▶ [Requirement]
In the listing that follows, give every line again exactly and omit the pictures.

▶ [The data]
┄┄┄┄┄┄┄┄┄┄┄┄┄┄┄┄┄┄┄┄

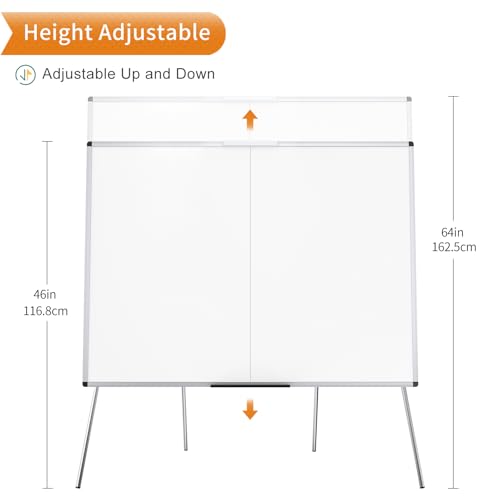 VIZ-PRO Magnetic Whiteboard Easel, Foldable, 48 x 36 Inches - size: 48"W x 36"H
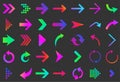 Set of isolated multicolored gradient arrows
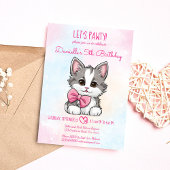かわいい子猫の子猫の誕生日パティピンクにしよう 招待状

┄┄┄┄┄┄┄┄┄┄┄┄┄┄┄┄┄┄┄┄

▶ [Result for this task]
 VIZ-PRO Magnetic Whiteboard Easel, Foldable, 48 x 36 Inches - size: 48"W x 36"H
 Set of isolated multicolored gradient arrows
かわいい子猫の子猫の誕生日パティピンクにしよう 招待状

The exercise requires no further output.